Work starts in Greystones on homes inside shell of La Touche hotel

Decaying building has lain derelict at centre of the town for almost 15 years

Work has begun on the redevelopment of the former La Touche Hotel in Greystones, Co Wicklow.

The landmark Victorian building has lain empty at the centre of the town for almost 15 years, growing increasingly derelict over the years.

The former seaside hotel, described as “the most prominent building in Greystones”, closed its doors in 2004.

Since its closure, the building has survived a number of suspected arson attacks, water ingress after lead was removed from the roof, and the removal of fixtures from plumbing to the metal staircase bannisters.


The hotel was opened as the Grand Hotel in 1894, having been built to designs by McCurdy & Mitchell of Dublin.

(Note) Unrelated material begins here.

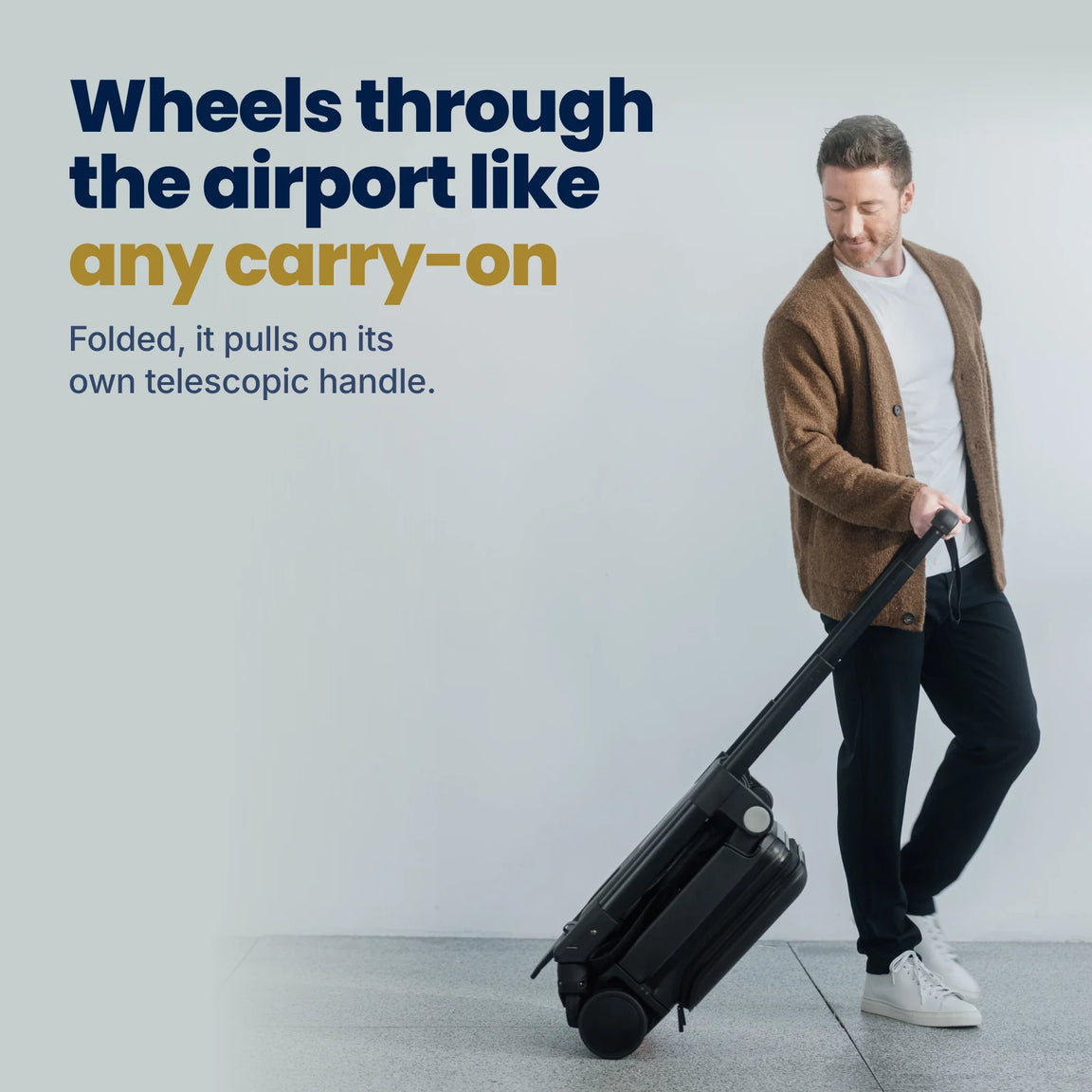 Wheeling the folded TernX through the airport on its telescopic handle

Among the famous guests who frequented the hotel over the decades were War of Independence veteran Michael Collins and playwright Brendan Behan.


The redeveloped structure will retain square, end blocks of the current building, and five, four-storey town houses will be inserted behind the west-facing facade. In addition there will be 22 new houses in the grounds at the eastern or seafront side. Two cottages at Marine Terrace facing the local Garda station are to be turned into a combined commercial unit.

Over recent weeks the former hotel’s fourth floor has been removed along with much of the east-facing facade which overlooked the sea at Cliff Road.

Last year storms were blamed when part of the west front collapsed, making balconies unsafe. Much of the deterioration of the hotel was unofficially chronicled on social media, particularly YouTube, by those who pried their way in around boarded-up windows.

Derek Mitchell, a local councillor and chairman of Greystones Municipal District, said the site had been “derelict and an eyesore” for 15 years “so it is good to see progress”.

He said the new houses would be timber framed and be made mostly off site and craned into place.

“This is quicker and less disruptive than traditional construction. Overall it is expected to take 18 months to complete. The first four months will be spent knocking down the modern structures and putting in foundations.”

Mr Mitchell said the commencement of work was at least “partly” due to the Derelict Site Tax and partly the high prices for houses. “The recently introduced tax charges of 3 per cent in 2018 and 7 per cent thereafter on sites zoned for housing which are lying unused are designed to get houses built in the current house shortage,” Cllr Mitchell said.